EXTRACTED RECORDS:
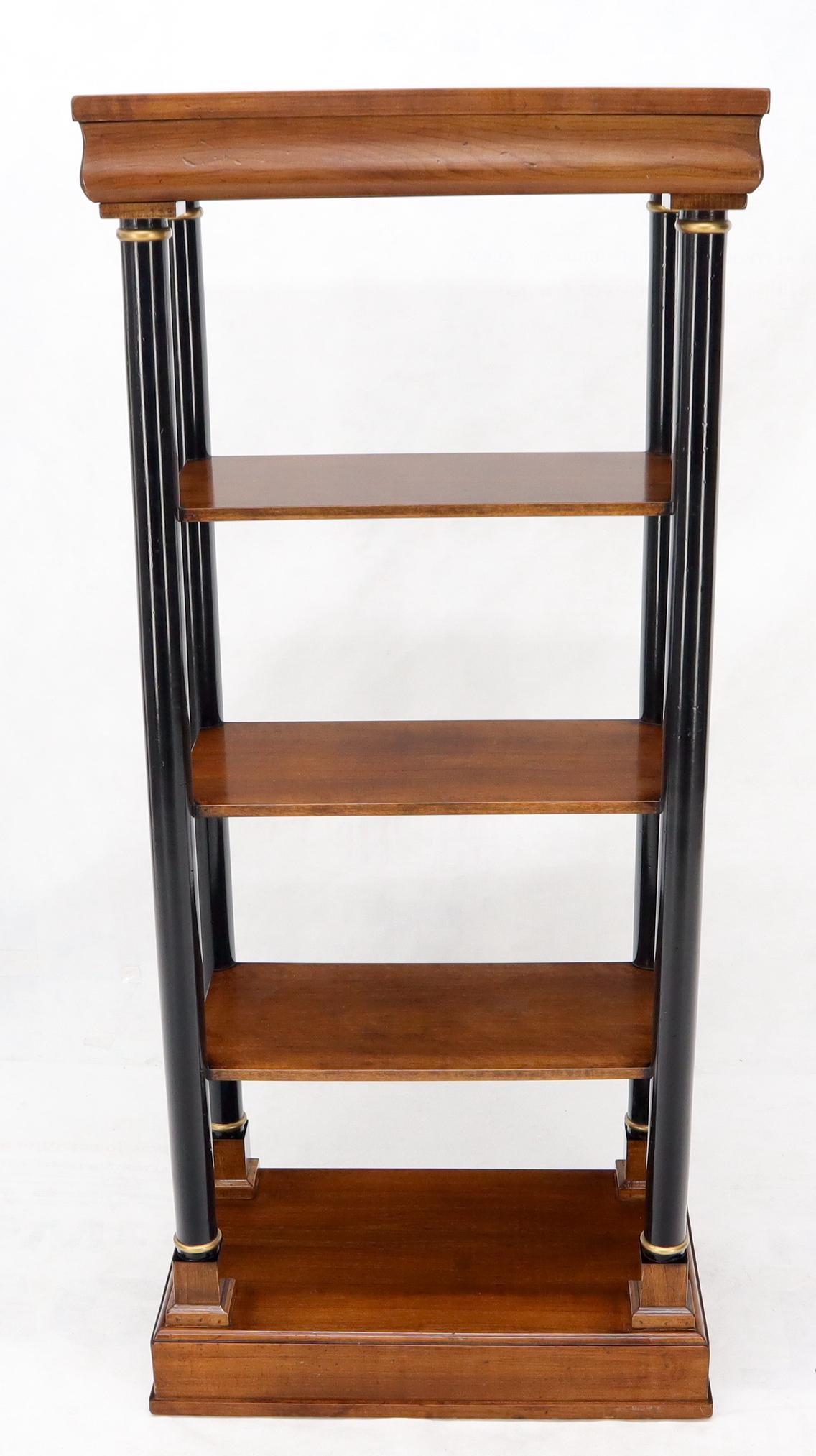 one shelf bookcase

--

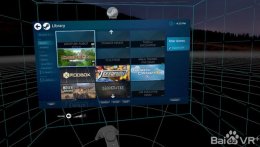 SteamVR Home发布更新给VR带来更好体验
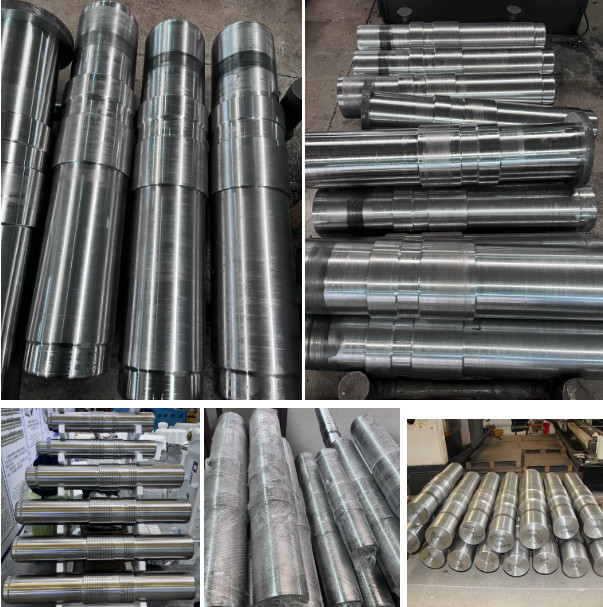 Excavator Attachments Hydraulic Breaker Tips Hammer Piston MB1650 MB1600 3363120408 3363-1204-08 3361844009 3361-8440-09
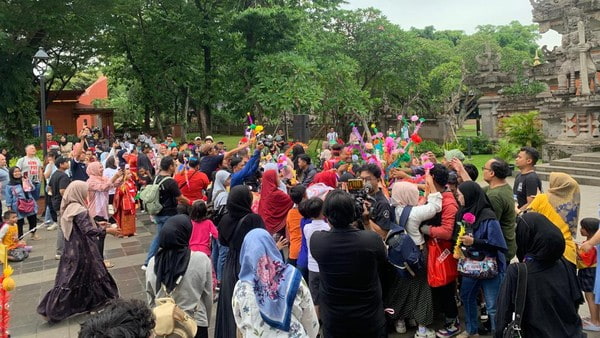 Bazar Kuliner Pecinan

* * *

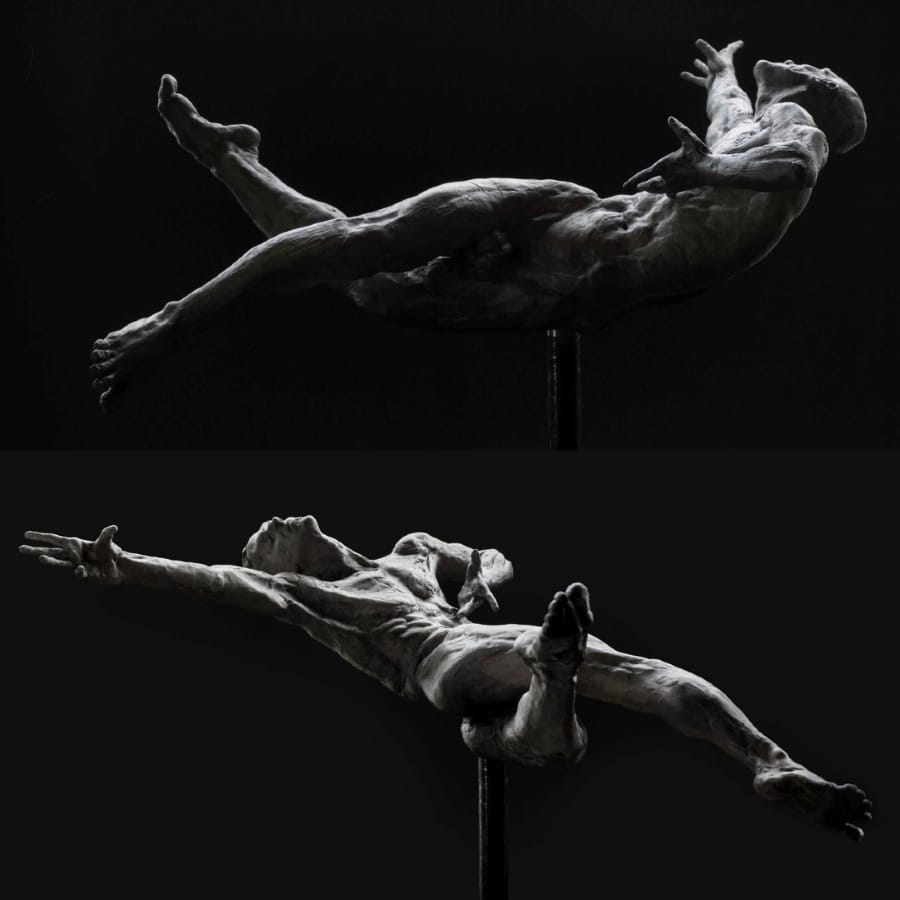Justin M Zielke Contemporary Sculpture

DIRECTIONS FOR THIS TASK: Your reply should hold nothing but the lines above, from the one containing "SteamVR Home发布更新给VR带来更好体验" to the one containing "Bazar Kuliner Pecinan", reproduced exactly minus the pictures.

WRITTEN SOLUTION:
 SteamVR Home发布更新给VR带来更好体验
 Excavator Attachments Hydraulic Breaker Tips Hammer Piston MB1650 MB1600 3363120408 3363-1204-08 3361844009 3361-8440-09
 Bazar Kuliner Pecinan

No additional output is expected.